Ces Studios appelés souvent "The Big Six" (Fox, Universal, Warner, Sony, Paramount, Disney) mettent une grande pression sur ces boites de VFX pour qu'elles soient plus "compétitives".
A savoir obtenir leur travail encore moins cher, tout en leur donnant plus à faire.
"The Big Six" obtiennent très souvent des "VFX companies" d'ouvrir des locaux à l'étranger, en particulier dans des pays offrant des "tax breaks". Même "ILM" la plus célèbre d'entre elles, qu'avait fondée George Lucas pour Star Wars, du déménager à Singapour.
Celles qui ne répondent pas à ces exigeances sont mises au pilori et disparaissent.
Les Studios non seulement demandent à payer leurs effets spéciaux moins cher, mais le demandent aussi en moins de temps. Auparavant le temps de production des truquages numériques sur un film variait aux alentours d'un an.
Aujourd'hui, la pression est faite pour que les délais atteignent 6 mois.
Sans avoir la possiblité d'engager plus du monde pour les respecter.
Alors les employés sont obligés de travailler 12h par jour, quand ce n'est pas 16.
Le tout, 7 jours sur 7, pendant des périodes allant de 3 à 6 mois.
Cette situation est d'autant plus garantie qu'une forme de chantage est installée de façon à ce que ceux qui protestent contre ces conditions de travail soient "blacklistés".
Que ca soit un employé, ou une société entière.
Les Studios peuvent se le permettre : si quelqu'un n'en peut plus, 100 jeunes désireux de travailler dans cette branche seront prêts à le remplacer.
Idem pour les branches Indiennes ou Chinoises qui sont les plus "compétitives" dans le domaine.
Cela n'empêche pas pour autant qu'ils connaissent la précarité eux aussi.
L'entreprise "Prime Focus", basée en Inde, s'était portée volontaire à racheter Rhythm & Hues.
Le deal a vite tourné court, quand la société s'est rendu compte qu'elle n'avait pas les fonds pour le faire.

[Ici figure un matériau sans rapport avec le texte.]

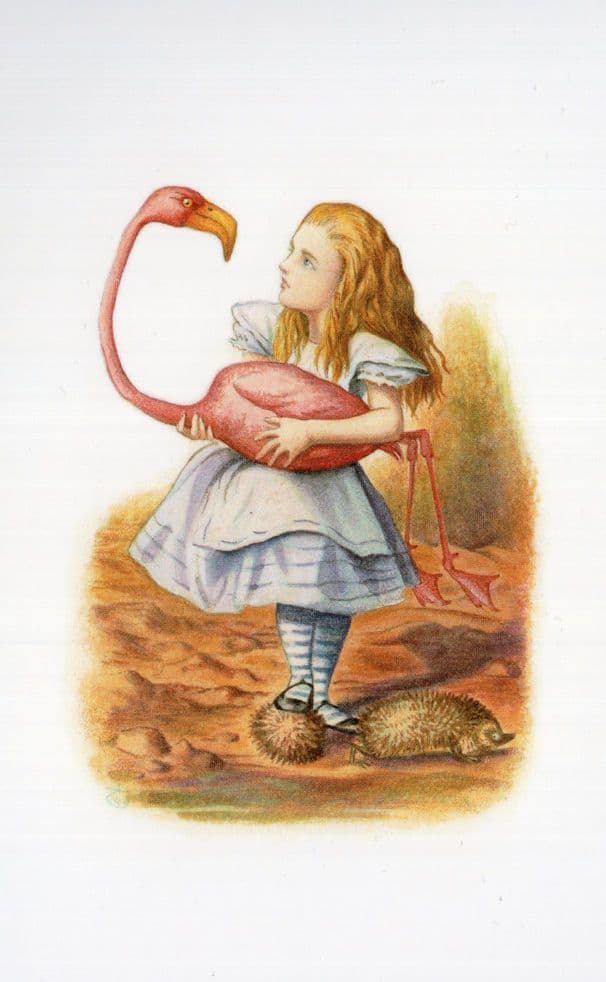 The Flamingo Diz Wallis Alice In Wonderland Lewis Carroll Book Postcard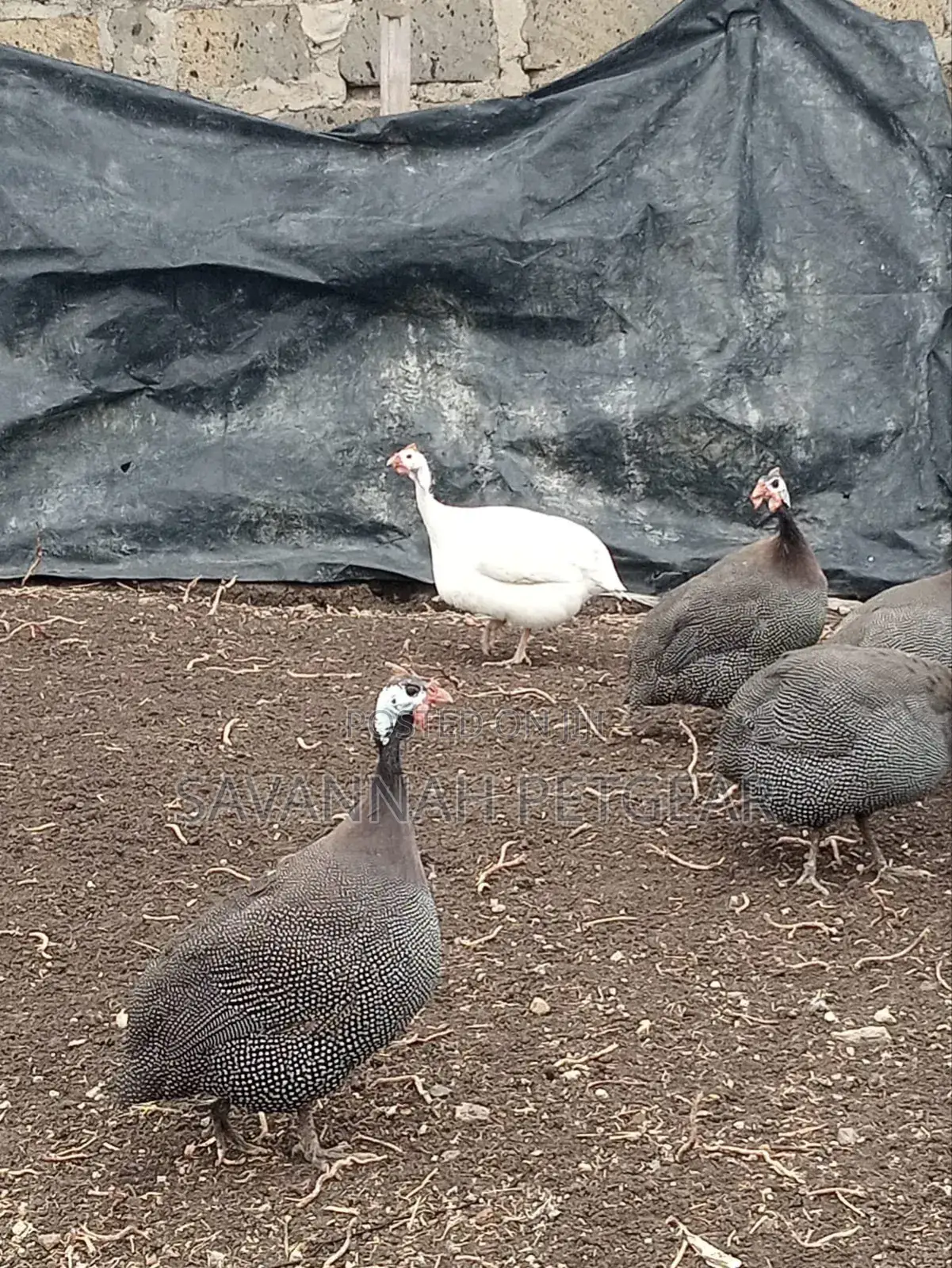 Mature Guinea Fowl - Kanga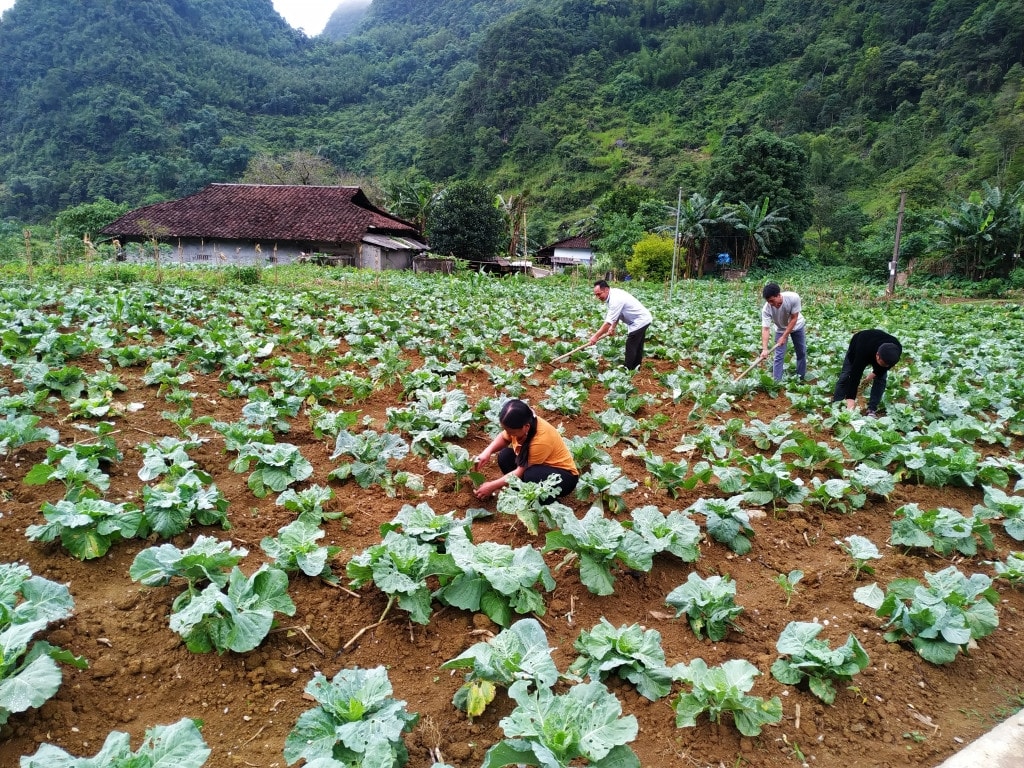 Cao Bằng: Dự án hỗ trợ kinh doanh cho nông hộ giải ngân trên 620 tỷ đồng -0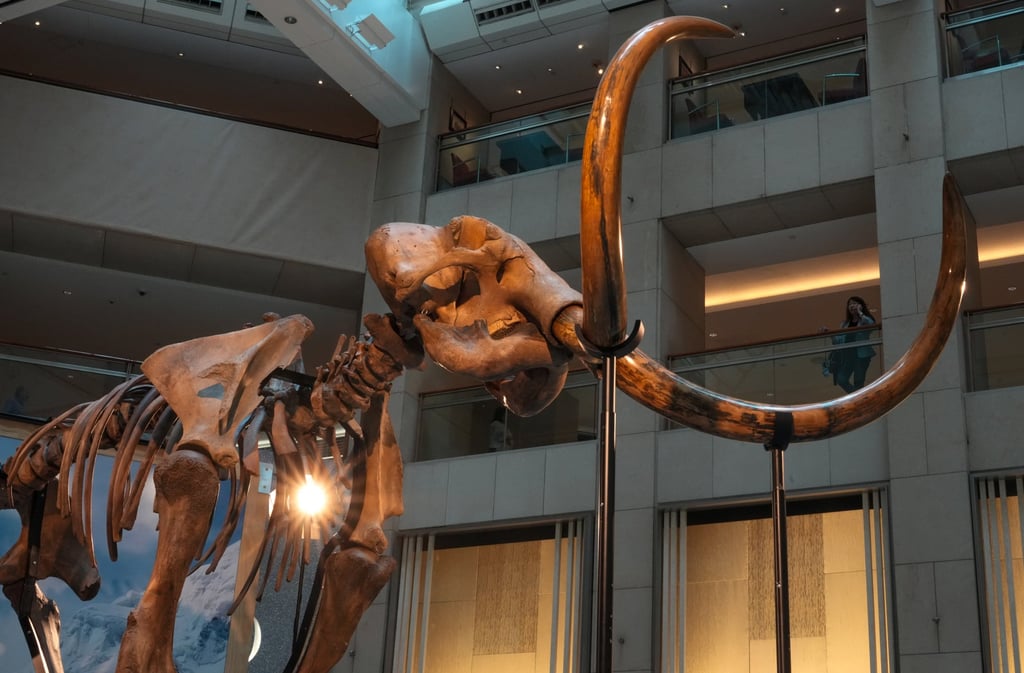 A woolly mammoth skeleton is seen in Hong Kong in August 2024. Photo: May Tse A woolly mammoth skeleton is seen in Hong Kong in August 2024. Photo: May Tse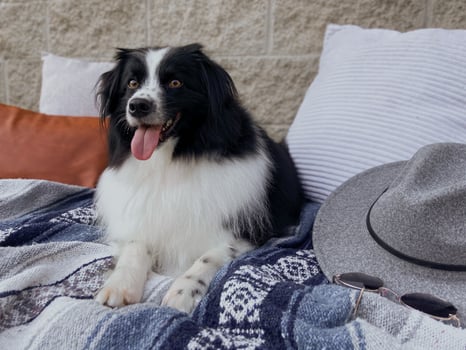 lack and White Miniature Australian Shepherd With Amber Eyes on a Wool Blanket with Pillows, Felt Hat, and Sunglasses photo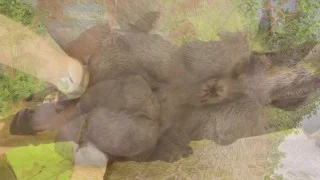 Big Stallion Horse Orgasm w/ Twink Boy Max (Furry Gay Sex) | Wild Life Furries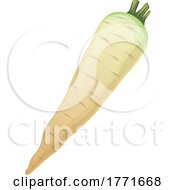 Parsnip by Vector Tradition SM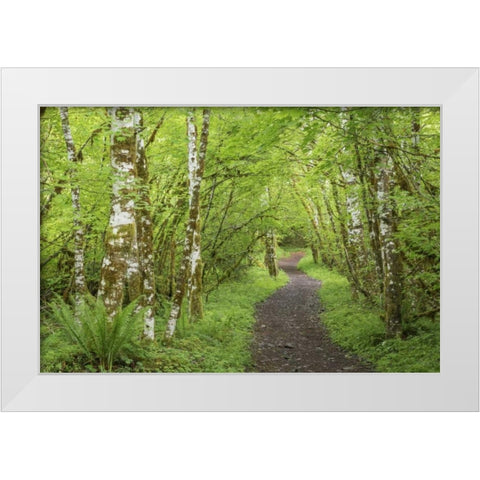 Washington, Olympic NP Trail through a forest White Modern Wood Framed Art Print by Paulson, Don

Alors comment faire pour sauver les "magiciens" de l'audiovisuel.
L'idée qui revient le plus souvent et qui commençe à faire son chemin est... de créer un syndicat.
Dans toutes les autres branches de la production cinématographique au cinéma, les conditions de travail ne sont pas aussi desastreuse, du fait qu'elles sont protégées par des "unions" arrivant à obtenir un veritable poids sur la table des décisions.
Le but n'est pas de devenir surpayé.
Le but est d'être tout simplement payé juste à la hauteur du travail que l'on délivre.
Quand un employé bosse 16h par jour, les heures supplémentaires ne sont pas payées.
Au cas ou vous pourriez vous poser la question, les effets spéciaux sont un travail laborieux, qui demande beaucoup d'efforts.
Beaucoup de gens à travers le monde le font par passion, et acceptent des conditions sociales au delà du médiocre, dans l'espoir qu'elles puissent s'améliorer un jour.
On ne cesse de parler de la compétitivité partout, comme redemptrice de l'économie.
C'est précisément elle, qui est en train de tuer l'industrie du rève.